The Tongan cardinal told this story to about 50 friends and donors of the Congregation of the Sacred Hearts at a dinner July 14 at Sacred Hearts Center in Kaneohe.
Cardinal Mafi pointed to the coincidence of July 14 being the 190th anniversary of the first Catholic Mass in Hawaii, celebrated by a priest of the Congregation of the Sacred Hearts.
The faith in both Tonga and Hawaii, thanks to heroic missionaries, is today empowered by the “spirit of the resurrected Lord,” he said.
The Tongan cardinal also spoke of the experience of the 15 Tongan youth who last year attended World Youth Day in Krakow, Poland.
“They witnessed something beautiful,” he said, “the universality of the church.”
“Eyes were opened to the richness of the church,” Cardinal Mafi said. “They were full of excitement.”

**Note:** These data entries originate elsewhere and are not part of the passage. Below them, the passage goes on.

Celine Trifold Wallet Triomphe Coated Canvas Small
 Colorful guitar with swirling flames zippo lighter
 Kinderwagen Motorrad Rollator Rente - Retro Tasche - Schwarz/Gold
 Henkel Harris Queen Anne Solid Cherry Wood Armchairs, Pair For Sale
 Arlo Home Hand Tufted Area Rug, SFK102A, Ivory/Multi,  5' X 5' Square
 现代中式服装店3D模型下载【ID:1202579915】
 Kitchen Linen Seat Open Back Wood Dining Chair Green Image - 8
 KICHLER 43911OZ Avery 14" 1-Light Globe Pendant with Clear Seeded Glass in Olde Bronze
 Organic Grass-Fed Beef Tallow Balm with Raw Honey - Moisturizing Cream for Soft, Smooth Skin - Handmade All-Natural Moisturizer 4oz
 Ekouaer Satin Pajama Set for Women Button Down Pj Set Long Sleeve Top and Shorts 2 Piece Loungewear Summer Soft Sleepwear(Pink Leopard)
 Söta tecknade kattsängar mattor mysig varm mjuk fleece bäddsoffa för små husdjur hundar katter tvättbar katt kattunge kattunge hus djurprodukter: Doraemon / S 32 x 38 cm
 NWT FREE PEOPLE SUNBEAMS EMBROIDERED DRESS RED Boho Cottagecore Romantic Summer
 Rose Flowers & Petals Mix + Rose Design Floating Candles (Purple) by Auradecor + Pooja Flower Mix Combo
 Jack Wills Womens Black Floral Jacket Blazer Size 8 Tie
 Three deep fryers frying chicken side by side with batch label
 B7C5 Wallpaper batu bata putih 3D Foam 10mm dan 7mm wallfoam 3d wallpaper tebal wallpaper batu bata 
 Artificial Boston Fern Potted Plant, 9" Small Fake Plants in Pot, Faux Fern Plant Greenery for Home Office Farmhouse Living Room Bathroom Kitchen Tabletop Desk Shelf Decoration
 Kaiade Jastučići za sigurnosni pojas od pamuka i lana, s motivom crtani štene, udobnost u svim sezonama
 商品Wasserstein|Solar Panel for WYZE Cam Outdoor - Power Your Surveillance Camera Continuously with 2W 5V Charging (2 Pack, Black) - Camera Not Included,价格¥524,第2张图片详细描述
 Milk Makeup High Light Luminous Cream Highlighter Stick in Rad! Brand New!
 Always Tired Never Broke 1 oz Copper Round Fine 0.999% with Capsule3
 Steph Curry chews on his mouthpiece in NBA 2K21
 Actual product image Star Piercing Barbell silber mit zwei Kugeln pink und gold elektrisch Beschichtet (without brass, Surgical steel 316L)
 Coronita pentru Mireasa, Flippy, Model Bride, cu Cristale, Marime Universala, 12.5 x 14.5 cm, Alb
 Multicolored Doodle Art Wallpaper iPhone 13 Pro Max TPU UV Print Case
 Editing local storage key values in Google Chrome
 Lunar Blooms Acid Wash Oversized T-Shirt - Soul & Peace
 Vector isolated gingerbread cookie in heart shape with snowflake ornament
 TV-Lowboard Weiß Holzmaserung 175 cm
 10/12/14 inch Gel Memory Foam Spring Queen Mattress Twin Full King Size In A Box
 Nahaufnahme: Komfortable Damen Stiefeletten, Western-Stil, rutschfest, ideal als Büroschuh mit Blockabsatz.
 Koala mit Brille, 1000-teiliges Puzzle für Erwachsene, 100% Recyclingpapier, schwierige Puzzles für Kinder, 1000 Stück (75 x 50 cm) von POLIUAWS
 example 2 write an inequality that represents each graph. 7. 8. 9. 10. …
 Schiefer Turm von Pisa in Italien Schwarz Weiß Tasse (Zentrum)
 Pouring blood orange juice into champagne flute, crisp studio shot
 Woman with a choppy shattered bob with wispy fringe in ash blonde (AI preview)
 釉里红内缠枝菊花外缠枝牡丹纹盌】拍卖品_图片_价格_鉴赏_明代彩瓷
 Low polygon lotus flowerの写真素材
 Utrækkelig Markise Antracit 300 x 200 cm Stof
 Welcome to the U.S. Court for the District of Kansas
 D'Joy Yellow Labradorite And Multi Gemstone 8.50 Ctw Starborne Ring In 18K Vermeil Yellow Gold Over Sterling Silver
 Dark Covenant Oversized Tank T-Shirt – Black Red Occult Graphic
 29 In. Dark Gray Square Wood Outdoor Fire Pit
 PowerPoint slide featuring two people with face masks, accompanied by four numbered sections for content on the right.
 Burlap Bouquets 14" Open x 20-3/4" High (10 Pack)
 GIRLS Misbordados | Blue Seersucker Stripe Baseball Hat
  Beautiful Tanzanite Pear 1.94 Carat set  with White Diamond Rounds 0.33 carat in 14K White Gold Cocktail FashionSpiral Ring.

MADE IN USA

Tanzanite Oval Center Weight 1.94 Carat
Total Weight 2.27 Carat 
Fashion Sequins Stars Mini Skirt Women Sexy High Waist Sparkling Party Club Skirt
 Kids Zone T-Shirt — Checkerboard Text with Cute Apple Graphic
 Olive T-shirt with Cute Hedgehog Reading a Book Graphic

He said, the youth also experienced the centrality of the Mass in their faith and the importance of the priest who celebrates the Mass, he said.
“We must pray to the Lord of the harvest” for more priests, he said. “We must pray … pray hard. Youth need to hear the good news.”
Cardinal Mafi also thanked the Sacred Hearts Congregation for sending missionary priests to Tonga.
In introducing the cardinal, Father Johnathan Hurrell, provincial superior of the U.S. province of the Congregation of the Sacred Hearts, said, “I truly believe God has a mission for us, as he has for over the past 200 years, and wants us to continue.”
He drew attention to the congregation’s fast growing seminary program in Fiji where 10 men from Hawaii, the U.S. Mainland, Asia and the Pacific study at various levels of formation.
“We are really a family that strives together, prays together,” the priest said. “In the deep spirit of family, the mission continues.”
Also speaking was Tongan Siosateki Faletau who told of the “immense” impact the three Sacred Hearts missionaries, led by Father Clyde Guerreiro of Hawaii, have made on Tonga.
Faletau, a parishioner at Father Guerreiro’s St. Michael Church, said the “hardworking, humble priests” have increased the size of the congregation from a church three-quarters full to overflowing.
The priests, he said, are available 24 hours a day, every day of the week.
He said that Father Guerreiro is a great preacher, with the “ability to speak at all levels, and a “superior teacher.”
He said more support is needed for the Sacred Hearts Congregation’s Tongan mission.